Wednesday, December 16, 2020

Samara Lubelski - Partial Infinite Sequence (Relative Pitch, 2020) ***½

By Keith Prosk

Samara Lubelski generates polyrhythms of pulses through effects-laden violin shredding on the solo Partial Infinite Sequence. For decades, the multi-instrumentalist has collaborated with alternative and experimental jazz and rock royalty like God Is My Co-Pilot, Tara Jane O’Neil (plus The Sonora Pine), Thurston Moore, Marcia Bassett, Bill Nace (who contributes the cover art), and Nate Wooley (who contributes the liner notes). Carving out a singular, often electric voice on the violin that is more rooted in folk and noise and pure sound than jazz or classical, deftly demonstrated on Partial Infinite Sequence.
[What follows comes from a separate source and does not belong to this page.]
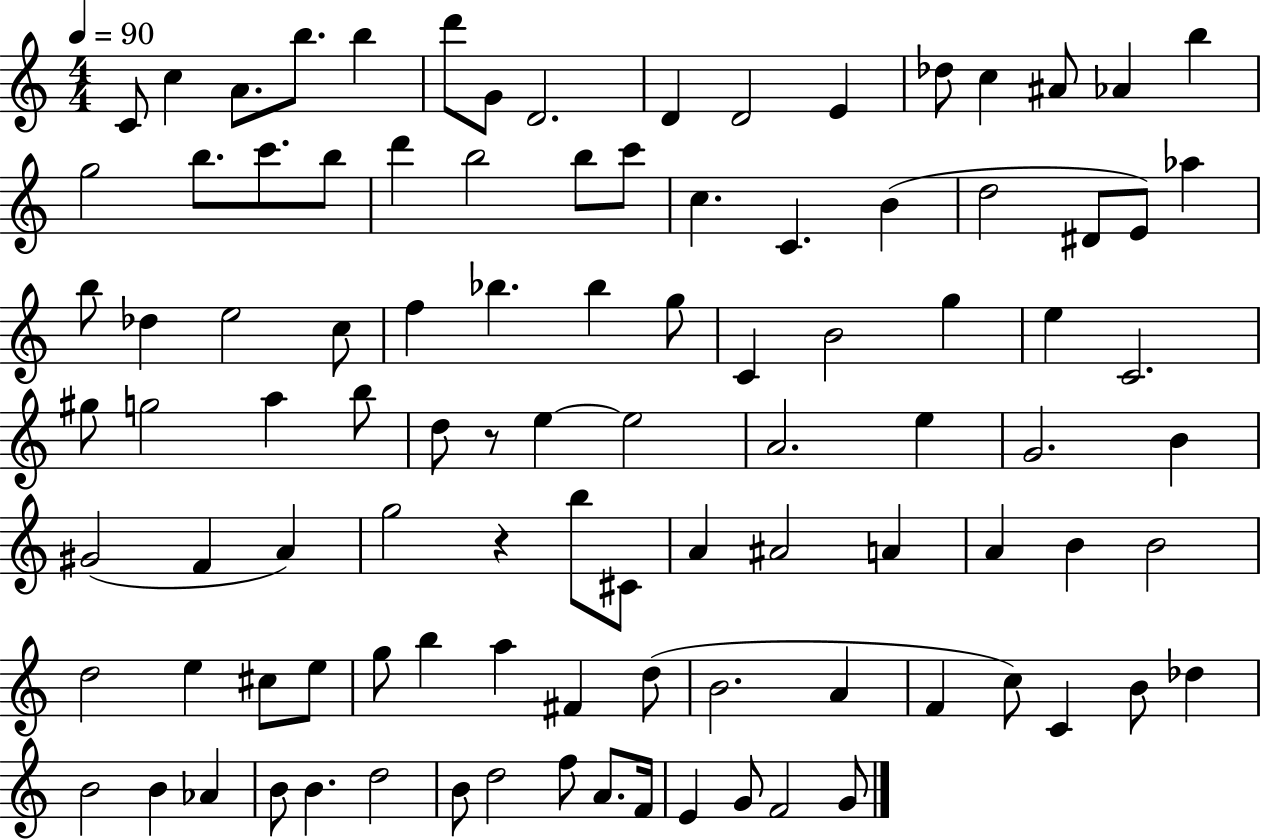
C4/e C5/q A4/e. B5/e. B5/q D6/e G4/e D4/h. D4/q D4/h E4/q Db5/e C5/q A#4/e Ab4/q B5/q G5/h B5/e. C6/e. B5/e D6/q B5/h B5/e C6/e C5/q. C4/q. B4/q D5/h D#4/e E4/e Ab5/q B5/e Db5/q E5/h C5/e F5/q Bb5/q. Bb5/q G5/e C4/q B4/h G5/q E5/q C4/h. G#5/e G5/h A5/q B5/e D5/e R/e E5/q E5/h A4/h. E5/q G4/h. B4/q G#4/h F4/q A4/q G5/h R/q B5/e C#4/e A4/q A#4/h A4/q A4/q B4/q B4/h D5/h E5/q C#5/e E5/e G5/e B5/q A5/q F#4/q D5/e B4/h. A4/q F4/q C5/e C4/q B4/e Db5/q B4/h B4/q Ab4/q B4/e B4/q. D5/h B4/e D5/h F5/e A4/e. F4/s E4/q G4/e F4/h G4/e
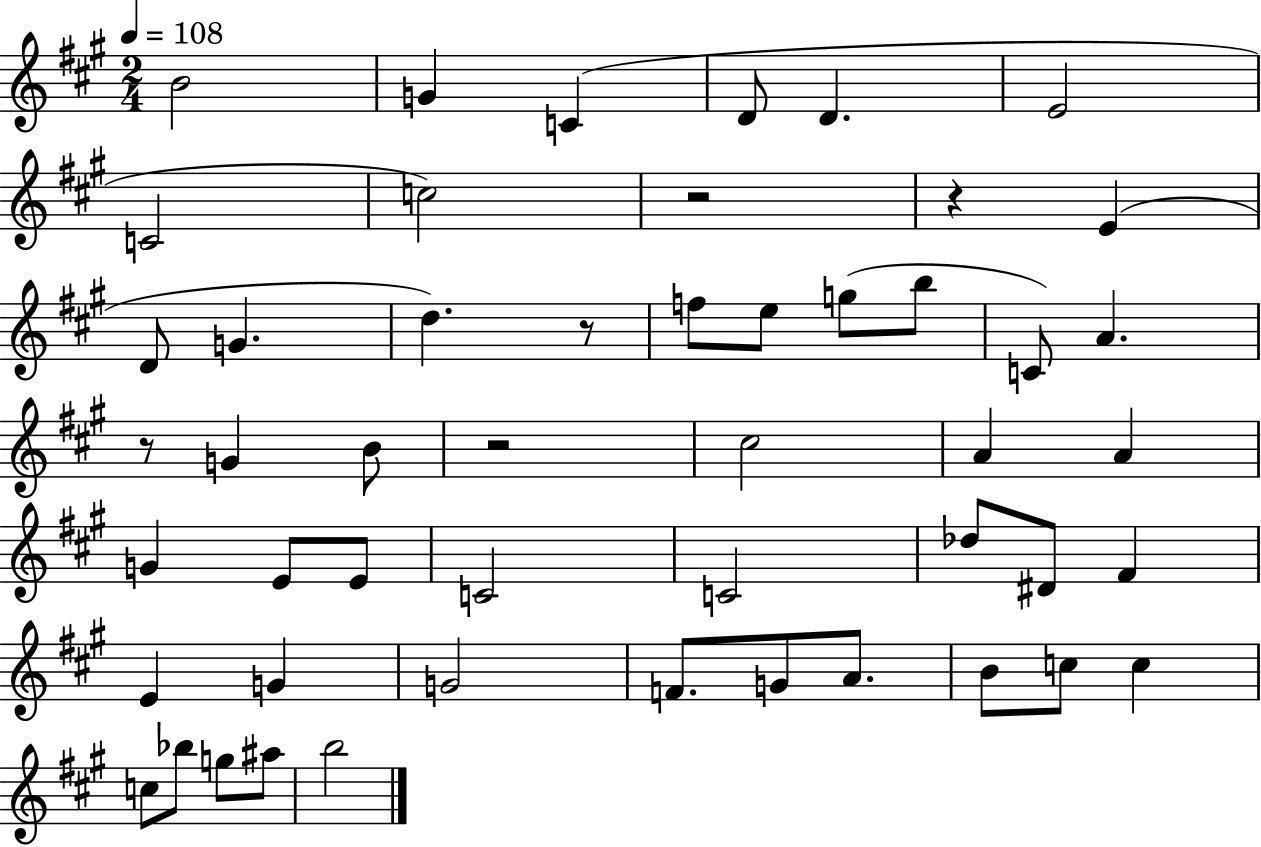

From the first seconds, the sound is drowned in amplified delay-based effects. Phasing and reverberating. The feel is ghostly in its wails, cavernous in its echo, psychedelic in its altered acoustics, battish in its erratic flitting squeaking, cosmic and nocturnal. The acoustic input is most often a rapid fiddling, reducing the characteristic sustain of the violin to nearly discrete peaks and valleys of a wave, obscuring its timbral identity. The processed acoustic signals explode into electric pulses at different times behind them, not so much recognizable waves but more closely percussive echoes. And all this on a substrate of some almost inaudible longform phaser, like the hum of the amp. So there’s at least three lines heard, though at times four or five as delay seems to multiply pulses of different frequencies. It is a dense and rapid polyrhythm to pick apart.

I suspect the two tracks, both seventeen and a half minutes, are like two takes. This is labeled as free improvisation but there’s certainly a firm set of conditions for this music. The instrumentation, the technique, the effects, the time, the result. If Lubelski actually follows the idea of a sequence, it would be interesting to hear additional parts to better characterize the distinct natures of these two parts. For now, Partial Infinite Sequence showcases a dense conceptual construction of rhythm that’s well worth continued exploration from both listeners and the musician.

Partial Infinite Sequence is available on CD and digitally.